Tea production in Bangladesh
Bangladesh is an important tea producing country, being the world's tenth largest tea producer. Its tea industry dates back to British rule, when the East India Company initiated the tea trade in Chittagong in 1840. Today, the country has 172 commercial tea estates, including many of the world's largest working plantations. The industry accounts for 3% of global tea production and employs more than 0.4 million people.
Bangladesh tea is grown in the northern and eastern districts of the country. The highlands, temperate climate, humidity and heavy rainfall in these districts provide a favorable ground for the production of high-quality tea.
Historically, Bengal was the terminus of the Tea Horse Road connecting the subcontinent with China's early tea-growing regions in Yunnan. Atisa is regarded as one of the earliest Bengali drinkers of tea.

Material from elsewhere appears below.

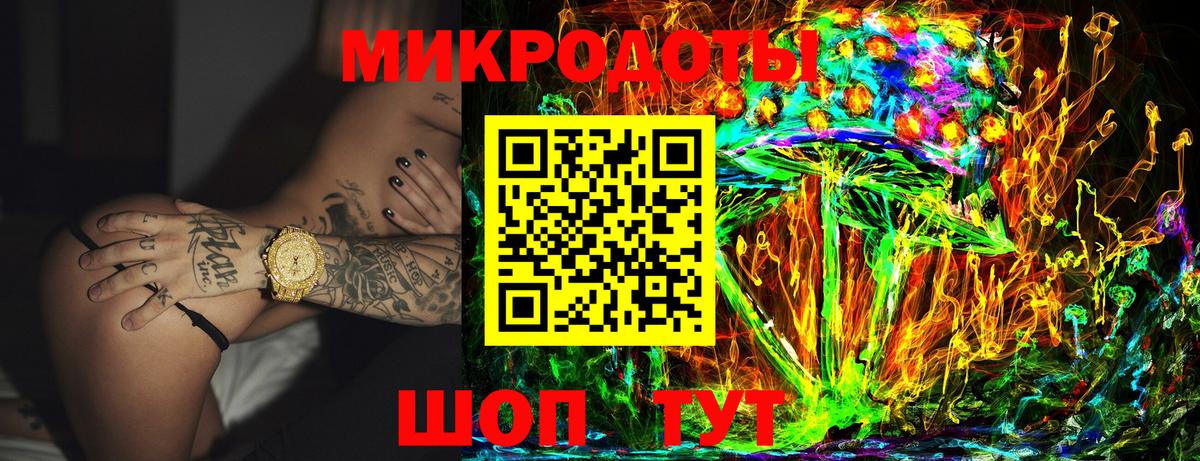 Костомукша  Псилоцибиновые грибы прущие грибы  Вход с VPN  Галлюциногенные грибы ЛСД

Black tea cultivation was introduced in Bengal during the British Empire. European traders established the first subcontinental tea gardens in the port city of Chittagong in 1840, when plantations were set up beside the Chittagong Club using Chinese tea plants from the Calcutta Botanical Garden. The first home-grown tea was made and tasted near the Karnaphuli River in Chittagong in 1843. Commercial cultivation of tea began in the Mulnicherra Estate in Sylhet in 1857. The Surma River Valley in the Sylhet region emerged as the centre of tea cultivation in Eastern Bengal. Plantations also flourished in Lower Tippera (modern Comilla) and North Bengal.

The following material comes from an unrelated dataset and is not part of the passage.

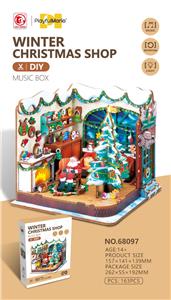 3D木质拼图 圣诞场景 - OBL10367719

Tea was a major export of British Bengal. The Assam Bengal Railway served as a lifeline for the industry, transporting tea from growers in the Surma and Brahmaputra Valleys to exporters in the Port of Chittagong.
The Chittagong Tea Auction was established in 1949 by British and Australian traders. British companies such as James Finlay and Duncan Brothers once dominated the industry. The Ispahani family also became a highly prominent player in the industry.
Tea is the second largest export oriented cash crop of Bangladesh, following jute. The industry accounts for 1% of national GDP. Tea-producing districts include Sylhet, Maulvi Bazar, Habiganj, Brahmanbaria, Rangamati, Chittagong and Panchagarh.
Once a major world exporter, Bangladesh is now a net importer of tea. The rise of the Bangladeshi middle class has increasingly driven the industry to focus on a lucrative domestic market. The sector is today dominated by Bangladeshi conglomerates, including M. M. Ispahani Limited, Kazi & Kazi, the Transcom Group, James Finlay Bangladesh, the Orion Group, the Abul Khair Group and Duncan Brothers Bangladesh Limited.
In 2012, Bangladesh recorded its highest production of tea, at 63.85 million kilograms. The country has over 56,846 hectares of land under tea cultivation, up from 28,734 hectares in 1947. The government has begun to promote small-scale tea growers, particularly in the Chittagong Hill Tracts.